Entries taken from a collection:
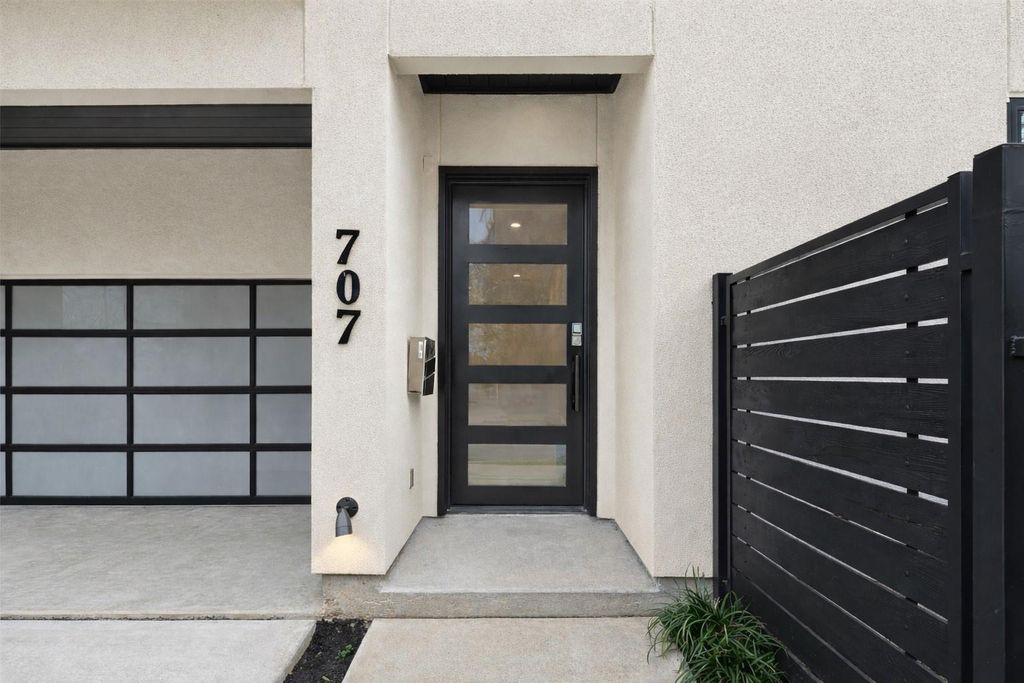 Photo of 707 W Clay Street, Houston, TX 77019 (MLS # 5338433)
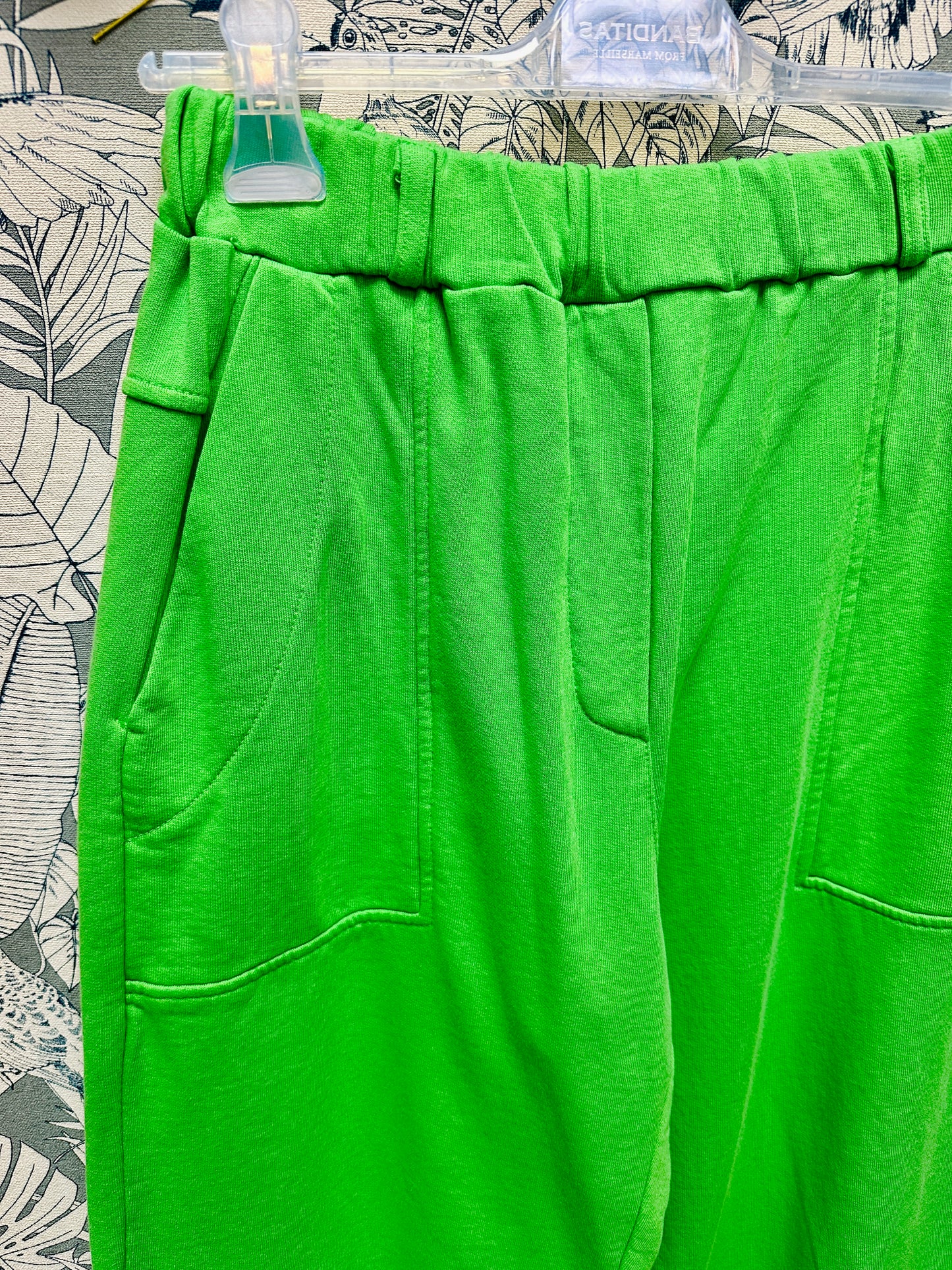 Jogging Golia vert Banditas from Marseille en coton 100%, modèle oversize avec poches visibles et taille haute élastique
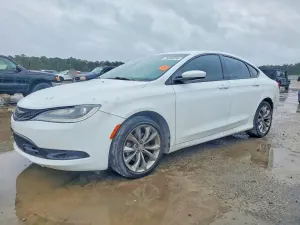 Chrysler 200 S 2.4L 4 2015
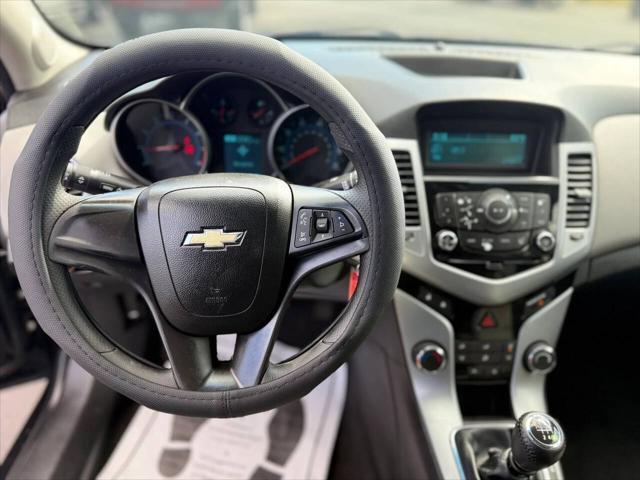 2013 Chevrolet Cruze LS Manual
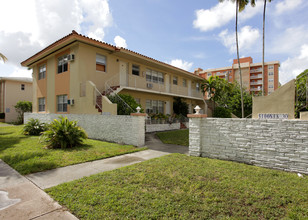 24-30 Sidonia Ave in Coral Gables, FL - Foto de edificio - Building Photo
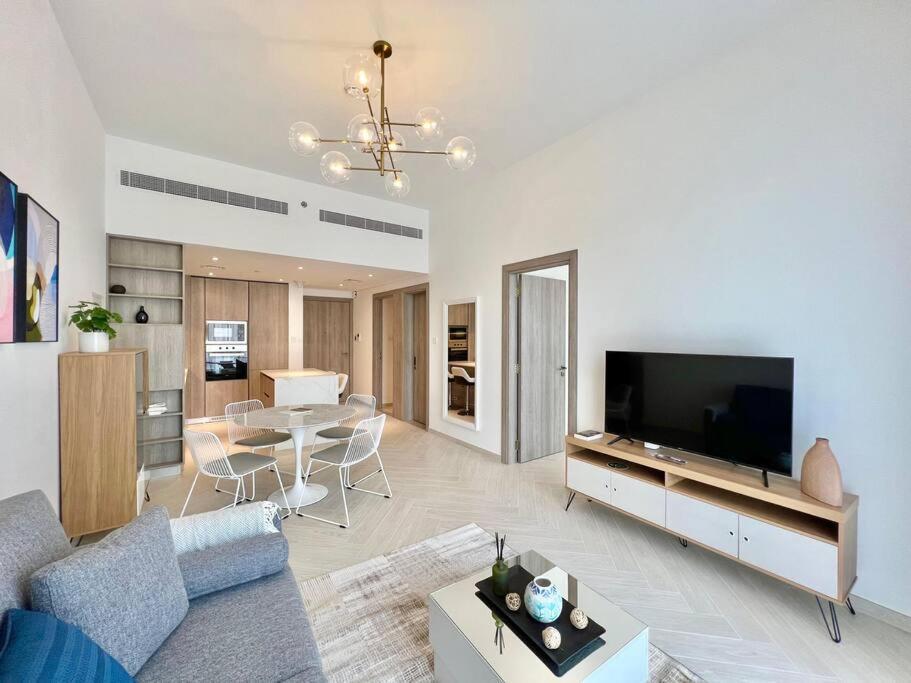 Apartment Waves - Comfortable Jvc With Balcony And Maids *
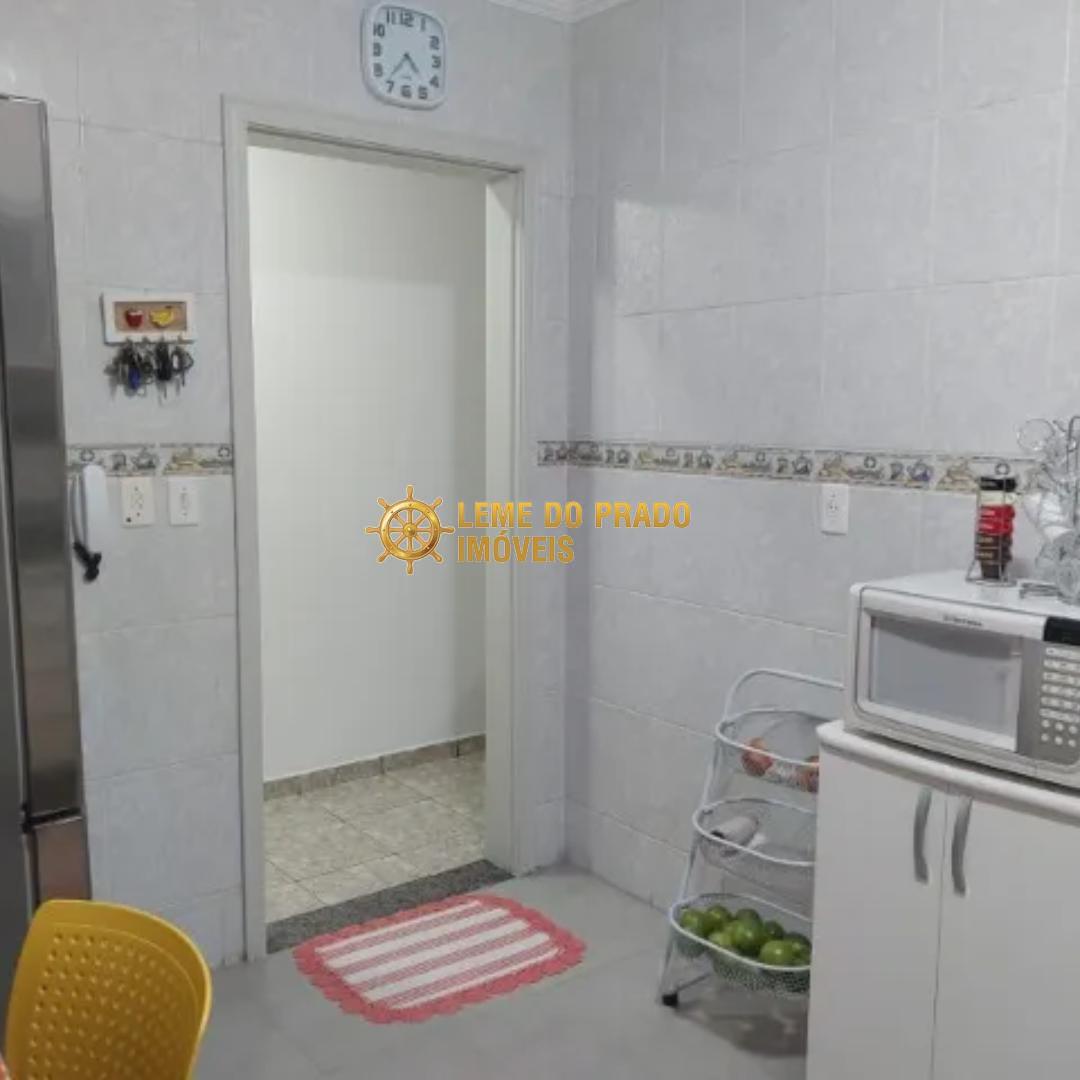 Apartamento à venda com 3 quartos, 84m² - Foto 3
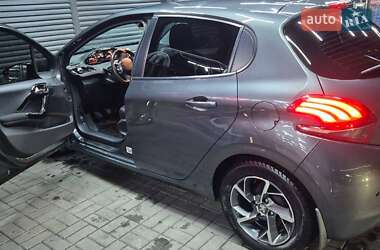 Хетчбек Peugeot 208 2017 в 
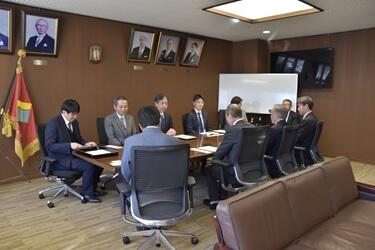 学長室での懇談の様子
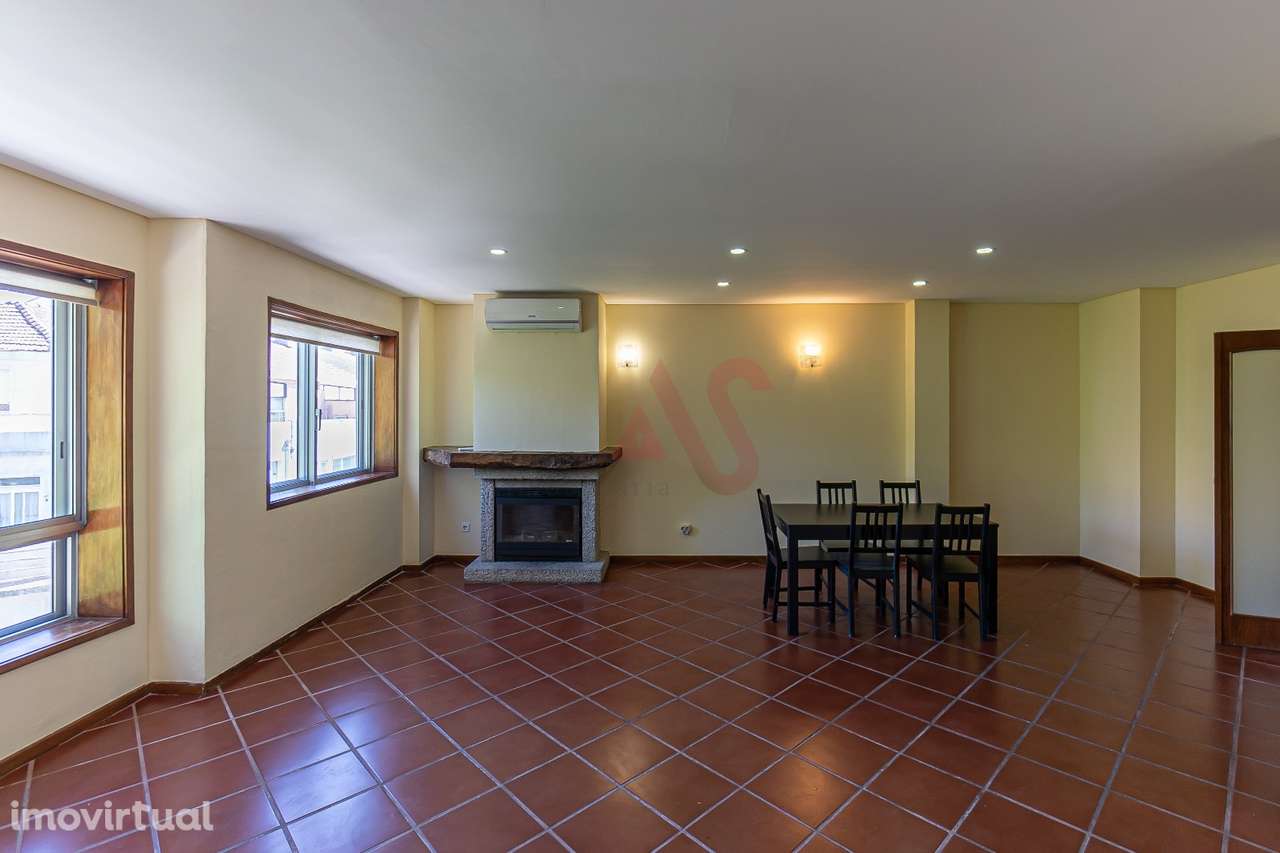 Apartamento T4 Duplex | Próximo das Faculdades | com 4 Quartos ( 1 Sui - Grande imagem: 5/39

▸ The problem
Return the entries above exactly and in full; do not include images.

▸ Output for this exercise
 Photo of 707 W Clay Street, Houston, TX 77019 (MLS # 5338433)
 Jogging Golia vert Banditas from Marseille en coton 100%, modèle oversize avec poches visibles et taille haute élastique
 Chrysler 200 S 2.4L 4 2015
 2013 Chevrolet Cruze LS Manual
 24-30 Sidonia Ave in Coral Gables, FL - Foto de edificio - Building Photo
 Apartment Waves - Comfortable Jvc With Balcony And Maids *
 Apartamento à venda com 3 quartos, 84m² - Foto 3
 Хетчбек Peugeot 208 2017 в 
 学長室での懇談の様子
 Apartamento T4 Duplex | Próximo das Faculdades | com 4 Quartos ( 1 Sui - Grande imagem: 5/39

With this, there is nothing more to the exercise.